A whopping 90 percent of people — young and old alike — feel that technology brought neighborhood communities together during the Covid pandemic, making it easier for them to address community issues seamlessly, cutting downtime and efforts, according to a report by community app MyGate.
The report titled ‘Trust Circle’ by MyGate involved participants from over 2,867 Indians of all ages across Ahmedabad, Bengaluru, Chandigarh, Chennai, Delhi, Hyderabad, Indore, Jaipur, Kochi, Kolkata, Mumbai, Pune.
People depended on technology to keep up strong relations. WhatsApp video, FaceTime, Skype, Zoom, and Google Meet added a new meaning to staying connected and combating pandemic-induced loneliness.
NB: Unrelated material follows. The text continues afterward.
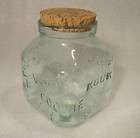 Vintage Green Glass Cookie Jar w/ Real Cork Italy Italian Unique Fish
Nearly 43 percent of the respondents were over 45 years of age (28 percent) as millennials (27 percent) and Gen Z (27 percent) admit that after the Covid pandemic, they would continue to use technology to stay connected with their ecosystem showcasing the acceptance of technology usage across generations, the report showed.
“While technology has long been used to bring together people separated by large distances, in the pandemic, it brought neighbors closer together,” Shreyans Daga – CTO & CoFounder, MyGate, told IANS.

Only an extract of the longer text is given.